Example keywords.txt file:

unsubscribe
opt-out
cancel subscription
unsubscribe from this list
update your preferences
  1. Install the project dependencies using the command pip install -r requirements.txt in the terminal;

  2. Save the content below in a file called script.py

import imapclient
import email
import os
from dotenv import load_dotenv
from bs4 import BeautifulSoup
from urllib.parse import urljoin
from email.header import decode_header

# carrega as variáveis de ambiente do arquivo .env
load_dotenv()

# Insira suas credenciais do Outlook aqui
email_address = os.getenv('EMAIL_ADDRESS')
email_password = os.getenv('EMAIL_PASSWORD')

# Leia as palavras-chave de um arquivo de texto
with open('keywords.txt', 'r', encoding='utf-8') as file:
    keywords = [line.strip().lower() for line in file]

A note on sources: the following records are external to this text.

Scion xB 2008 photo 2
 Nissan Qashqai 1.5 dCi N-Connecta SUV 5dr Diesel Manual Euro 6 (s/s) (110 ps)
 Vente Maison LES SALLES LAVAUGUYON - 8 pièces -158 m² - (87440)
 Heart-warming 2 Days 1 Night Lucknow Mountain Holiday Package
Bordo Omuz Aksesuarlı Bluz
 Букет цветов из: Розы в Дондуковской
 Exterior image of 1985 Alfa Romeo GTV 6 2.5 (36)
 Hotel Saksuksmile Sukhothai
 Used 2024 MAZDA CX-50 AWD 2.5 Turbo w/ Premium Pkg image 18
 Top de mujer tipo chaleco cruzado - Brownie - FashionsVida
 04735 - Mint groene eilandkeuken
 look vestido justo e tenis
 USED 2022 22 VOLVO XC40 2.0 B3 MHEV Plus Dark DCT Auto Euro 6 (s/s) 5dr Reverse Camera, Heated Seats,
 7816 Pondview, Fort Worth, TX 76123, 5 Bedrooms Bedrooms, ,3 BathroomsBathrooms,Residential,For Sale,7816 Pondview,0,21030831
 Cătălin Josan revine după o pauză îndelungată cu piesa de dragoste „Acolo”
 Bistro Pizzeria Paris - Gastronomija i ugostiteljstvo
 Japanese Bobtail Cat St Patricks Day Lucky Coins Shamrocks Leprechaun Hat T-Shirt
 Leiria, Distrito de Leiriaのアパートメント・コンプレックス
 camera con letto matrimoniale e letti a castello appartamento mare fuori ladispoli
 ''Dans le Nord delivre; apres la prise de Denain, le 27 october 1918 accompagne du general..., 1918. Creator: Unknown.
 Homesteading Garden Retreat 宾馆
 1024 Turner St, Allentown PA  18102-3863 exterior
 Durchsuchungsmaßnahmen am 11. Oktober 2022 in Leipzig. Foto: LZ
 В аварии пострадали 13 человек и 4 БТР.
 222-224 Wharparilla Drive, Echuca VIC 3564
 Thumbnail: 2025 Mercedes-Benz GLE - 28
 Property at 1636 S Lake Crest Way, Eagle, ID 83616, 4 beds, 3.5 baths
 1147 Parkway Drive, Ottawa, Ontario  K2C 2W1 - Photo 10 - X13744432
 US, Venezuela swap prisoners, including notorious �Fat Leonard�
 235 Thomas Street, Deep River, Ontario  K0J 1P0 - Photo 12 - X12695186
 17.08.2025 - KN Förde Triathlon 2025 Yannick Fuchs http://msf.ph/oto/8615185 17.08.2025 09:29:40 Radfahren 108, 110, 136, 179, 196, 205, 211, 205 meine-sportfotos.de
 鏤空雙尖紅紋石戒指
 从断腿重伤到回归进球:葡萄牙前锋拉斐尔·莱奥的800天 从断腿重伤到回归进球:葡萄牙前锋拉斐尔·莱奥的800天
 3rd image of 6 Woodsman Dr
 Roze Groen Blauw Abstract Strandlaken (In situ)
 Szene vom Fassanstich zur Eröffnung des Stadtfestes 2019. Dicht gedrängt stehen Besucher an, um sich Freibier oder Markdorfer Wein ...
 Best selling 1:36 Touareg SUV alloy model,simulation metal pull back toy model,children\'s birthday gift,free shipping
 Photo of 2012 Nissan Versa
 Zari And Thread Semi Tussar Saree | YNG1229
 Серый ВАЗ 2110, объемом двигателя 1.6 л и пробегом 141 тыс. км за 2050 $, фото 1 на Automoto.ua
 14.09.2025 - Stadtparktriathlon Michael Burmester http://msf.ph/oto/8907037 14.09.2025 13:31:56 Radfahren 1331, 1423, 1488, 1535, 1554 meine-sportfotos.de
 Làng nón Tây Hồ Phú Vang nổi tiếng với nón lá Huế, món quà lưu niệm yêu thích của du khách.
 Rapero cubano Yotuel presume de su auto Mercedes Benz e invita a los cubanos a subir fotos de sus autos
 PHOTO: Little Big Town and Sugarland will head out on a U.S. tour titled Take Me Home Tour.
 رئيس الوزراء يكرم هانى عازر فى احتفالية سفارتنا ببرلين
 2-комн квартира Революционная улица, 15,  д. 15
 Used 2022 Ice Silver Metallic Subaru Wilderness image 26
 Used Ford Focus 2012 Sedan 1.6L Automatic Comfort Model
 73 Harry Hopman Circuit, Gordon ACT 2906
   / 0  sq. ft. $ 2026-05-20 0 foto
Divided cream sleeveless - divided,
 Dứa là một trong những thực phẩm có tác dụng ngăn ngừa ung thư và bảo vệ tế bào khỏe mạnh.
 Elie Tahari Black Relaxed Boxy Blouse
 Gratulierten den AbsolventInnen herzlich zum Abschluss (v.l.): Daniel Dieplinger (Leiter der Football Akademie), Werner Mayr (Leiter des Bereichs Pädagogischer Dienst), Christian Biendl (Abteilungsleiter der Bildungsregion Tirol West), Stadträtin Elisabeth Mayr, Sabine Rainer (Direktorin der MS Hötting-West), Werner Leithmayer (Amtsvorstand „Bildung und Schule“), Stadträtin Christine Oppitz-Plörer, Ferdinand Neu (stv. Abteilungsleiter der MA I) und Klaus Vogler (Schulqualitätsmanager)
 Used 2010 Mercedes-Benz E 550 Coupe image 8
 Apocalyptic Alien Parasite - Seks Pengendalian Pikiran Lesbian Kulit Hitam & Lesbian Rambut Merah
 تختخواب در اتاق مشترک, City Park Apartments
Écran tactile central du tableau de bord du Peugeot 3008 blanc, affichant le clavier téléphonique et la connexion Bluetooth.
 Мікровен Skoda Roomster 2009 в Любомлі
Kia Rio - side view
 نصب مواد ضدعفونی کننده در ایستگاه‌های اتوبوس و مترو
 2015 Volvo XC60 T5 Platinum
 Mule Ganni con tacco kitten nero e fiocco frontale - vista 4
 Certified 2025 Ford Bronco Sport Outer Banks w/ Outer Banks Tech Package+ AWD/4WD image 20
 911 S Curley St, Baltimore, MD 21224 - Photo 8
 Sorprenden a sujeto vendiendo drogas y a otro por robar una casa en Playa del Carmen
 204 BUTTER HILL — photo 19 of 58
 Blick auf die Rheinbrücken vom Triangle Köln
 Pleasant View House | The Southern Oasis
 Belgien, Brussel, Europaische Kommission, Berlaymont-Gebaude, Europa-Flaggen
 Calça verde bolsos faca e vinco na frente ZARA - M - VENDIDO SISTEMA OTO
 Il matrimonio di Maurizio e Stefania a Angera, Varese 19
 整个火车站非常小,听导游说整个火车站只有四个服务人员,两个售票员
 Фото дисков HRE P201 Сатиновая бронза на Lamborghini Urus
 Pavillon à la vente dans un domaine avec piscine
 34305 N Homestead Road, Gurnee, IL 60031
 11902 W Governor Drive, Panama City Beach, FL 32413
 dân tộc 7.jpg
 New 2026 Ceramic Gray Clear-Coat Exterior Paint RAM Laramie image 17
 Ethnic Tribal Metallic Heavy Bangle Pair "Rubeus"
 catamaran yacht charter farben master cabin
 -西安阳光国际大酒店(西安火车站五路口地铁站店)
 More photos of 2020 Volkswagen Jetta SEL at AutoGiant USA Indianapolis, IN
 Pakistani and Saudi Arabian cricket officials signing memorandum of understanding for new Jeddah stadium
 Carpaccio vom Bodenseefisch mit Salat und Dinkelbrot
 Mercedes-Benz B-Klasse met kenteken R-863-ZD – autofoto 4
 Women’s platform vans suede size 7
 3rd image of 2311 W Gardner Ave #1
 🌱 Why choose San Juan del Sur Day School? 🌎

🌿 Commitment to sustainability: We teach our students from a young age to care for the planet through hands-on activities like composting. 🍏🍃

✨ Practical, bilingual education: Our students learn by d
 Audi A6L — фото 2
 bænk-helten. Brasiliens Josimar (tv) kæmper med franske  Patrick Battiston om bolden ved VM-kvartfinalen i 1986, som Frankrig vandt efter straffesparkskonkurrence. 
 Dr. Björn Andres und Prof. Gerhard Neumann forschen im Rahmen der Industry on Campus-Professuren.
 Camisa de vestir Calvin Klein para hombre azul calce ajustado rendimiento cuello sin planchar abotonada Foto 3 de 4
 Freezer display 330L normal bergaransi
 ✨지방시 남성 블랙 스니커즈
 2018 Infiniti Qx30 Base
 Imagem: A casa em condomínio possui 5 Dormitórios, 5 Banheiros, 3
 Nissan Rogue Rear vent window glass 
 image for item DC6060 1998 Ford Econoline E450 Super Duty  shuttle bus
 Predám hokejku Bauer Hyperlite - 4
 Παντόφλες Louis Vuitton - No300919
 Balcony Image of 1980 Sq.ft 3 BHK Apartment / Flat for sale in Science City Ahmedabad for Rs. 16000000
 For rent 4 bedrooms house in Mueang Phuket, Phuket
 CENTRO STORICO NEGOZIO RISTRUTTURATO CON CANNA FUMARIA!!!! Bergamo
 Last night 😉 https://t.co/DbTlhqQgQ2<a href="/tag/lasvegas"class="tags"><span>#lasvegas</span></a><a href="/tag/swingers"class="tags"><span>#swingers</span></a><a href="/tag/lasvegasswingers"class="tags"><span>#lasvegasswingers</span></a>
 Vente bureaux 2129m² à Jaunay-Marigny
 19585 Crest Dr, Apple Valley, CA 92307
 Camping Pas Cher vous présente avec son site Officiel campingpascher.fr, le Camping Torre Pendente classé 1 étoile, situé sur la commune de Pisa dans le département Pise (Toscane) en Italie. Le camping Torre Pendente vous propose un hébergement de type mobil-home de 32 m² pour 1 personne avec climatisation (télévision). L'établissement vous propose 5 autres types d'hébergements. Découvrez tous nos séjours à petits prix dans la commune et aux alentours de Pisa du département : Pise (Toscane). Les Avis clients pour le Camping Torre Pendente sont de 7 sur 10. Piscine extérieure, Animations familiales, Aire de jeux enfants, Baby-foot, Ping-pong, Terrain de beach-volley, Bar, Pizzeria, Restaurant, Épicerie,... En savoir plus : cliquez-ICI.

unseen_only = os.getenv('UNSEEN')
if unseen_only is None or unseen_only.lower() == 'true':
    search_criteria = ['UNSEEN']
else:
    search_criteria = ['ALL']

# Conectar à caixa de entrada do Outlook
imap_server = os.getenv('IMAP_SERVER')
imap_ssl = os.getenv('IMAP_SSL')
client = imapclient.IMAPClient(imap_server, ssl=imap_ssl)
client.login(email_address, email_password)
folders = os.getenv('FOLDERS_EMAIL').split(',')
links_info = []

for folder in folders:
    # Conectar à pasta atual
    client.select_folder(folder, readonly=True)

    # Buscar e-mails não lidos
    messages = client.search(search_criteria)

    # Iterar pelos e-mails
    for msg_id in messages:
        msg_data = client.fetch(msg_id, ['RFC822'])
        msg = email.message_from_bytes(msg_data[msg_id][b'RFC822'])

        # Verificar se o e-mail é HTML
        if msg.is_multipart():
            for part in msg.walk():
                if part.get_content_type() == 'text/html':
                    html_content = part.get_payload(decode=True)
                    break
        else:
            if msg.get_content_type() == 'text/html':
                html_content = msg.get_payload(decode=True)
            else:
                continue

        # Extrair links usando BeautifulSoup
        soup = BeautifulSoup(html_content, 'html.parser')
        for link in soup.find_all('a', href=True):
            href = link['href']
            text = link.text.lower()

            # Verificar se alguma das palavras-chave está presente no texto do link
            if any(keyword in text for keyword in keywords):
                # Evitar links repetidos
                if href not in [info['link'] for info in links_info]:
                    # Decodificar o campo "From"
                    decoded_from = decode_header(msg['From'])
                    from_email = ''.join([str(part, encoding or 'utf-8') if isinstance(part, bytes) else part for part, encoding in decoded_from])

                    # Decodificar o campo "Subject"
                    decoded_subject = decode_header(msg['Subject'])
                    #subject = ''.join([str(part, encoding or 'utf-8') if isinstance(part, bytes) else part for part, encoding in decoded_subject])
                    subject = ''.join([str(part, encoding or 'utf-8') if isinstance(part, bytes) else part for part, encoding in decoded_subject if encoding != 'unknown-8bit'])

                    # Armazenar informações em um dicionário
                    link_info = {'from': from_email, 'subject': subject, 'link': href}
                    links_info.append(link_info)
                    # print(f'Link encontrado: {href}')

# Encerrar a conexão com o servidor de e-mail
client.logout()

# Gerar conteúdo HTML
template_path = os.path.join(os.path.dirname(__file__), 'templates', 'template.html')

with open(template_path, 'r') as f:
    html_template = f.read()

# Gerar linhas da tabela
table_rows = ''
for info in links_info:
    row = f'<tr><td>{info["from"]}</td><td>{info["subject"]}</td><td><a href="{info["link"]}">Clique aqui para descadastrar</a></td></tr>'
    table_rows += row

# Combinar modelo HTML e linhas da tabela
html_content = html_template.format(table_rows=table_rows)

# Salvar conteúdo HTML em um arquivo
with open('unsubscribe_links.html', 'w', encoding='utf-8') as file:
    file.write(html_content)

print('Arquivo HTML gerado: unsubscribe_links.html')
  1. Run the script using the command python unsubscribe_links.py in the terminal;

  2. Check if the unsubscribe_links.html file was successfully generated in the root of the project.